米大統領選、ハリス上院議員が撤退 支持伸び悩み
【ワシントン=永沢毅】2020年米大統領選に向けた民主党の候補指名争いでカマラ・ハリス上院議員(55)は3日、撤退を表明した。経歴などから「女性版オバマ」との異名を持ち有力候補の1人と目されていたが、支持が伸び悩み資金集めが難航していた。民主の候補者はこれで15人になった。
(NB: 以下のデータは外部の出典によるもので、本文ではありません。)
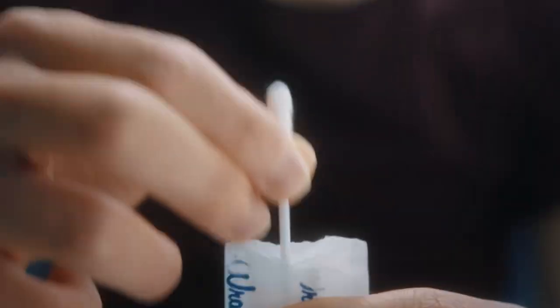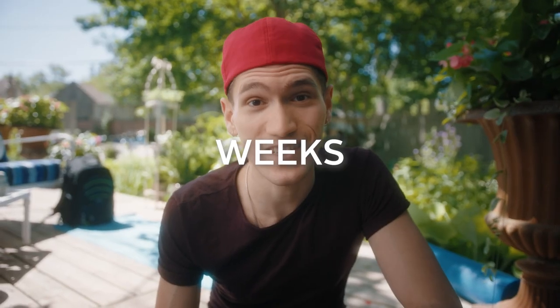You do the swab and send it back to Canadian Blood Services. If you are found to be the best match for a patient, you'll be contacted by a registered nurse who will provide you all the information and support you could possibly need during your entire donation process. It may take weeks, months, or even years before you get the call.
ハリス氏は声明で「活動を続けるのに必要な財源がなくなった」と説明した。同氏はカリフォルニア州司法長官を経て同州の上院選で16年に初当選。ジャマイカ系の父とインド系の母を持つ女性で、トランプ政権の移民政策や女性蔑視の言動を舌鋒(ぜっぽう)鋭く追及し頭角を現した。黒人の血を引き、法曹界出身で上院1期目ながら大統領をめざす点がオバマ前大統領と共通していた。
ハリス氏は6月のテレビ討論会で人種差別問題を巡ってバイデン前副大統領をやりこめ、支持率は一時、同氏に迫る2位に浮上した。ただ、国民皆保険を巡る発言が迷走するなど政策スタンスに曖昧な点が目立ち、バイデン氏ら中道・穏健派とウォーレン上院議員らリベラル派の争いが先鋭化する中で存在感が埋没した。米メディアによると、陣営内の主導権争いも影を落とした。
直近の支持率は6位で3%台にとどまり、上位グループに水をあけられている。11月下旬に出馬表明したばかりのブルームバーグ元ニューヨーク市長も下回っており、今後も支持を広げるのは難しいと判断した。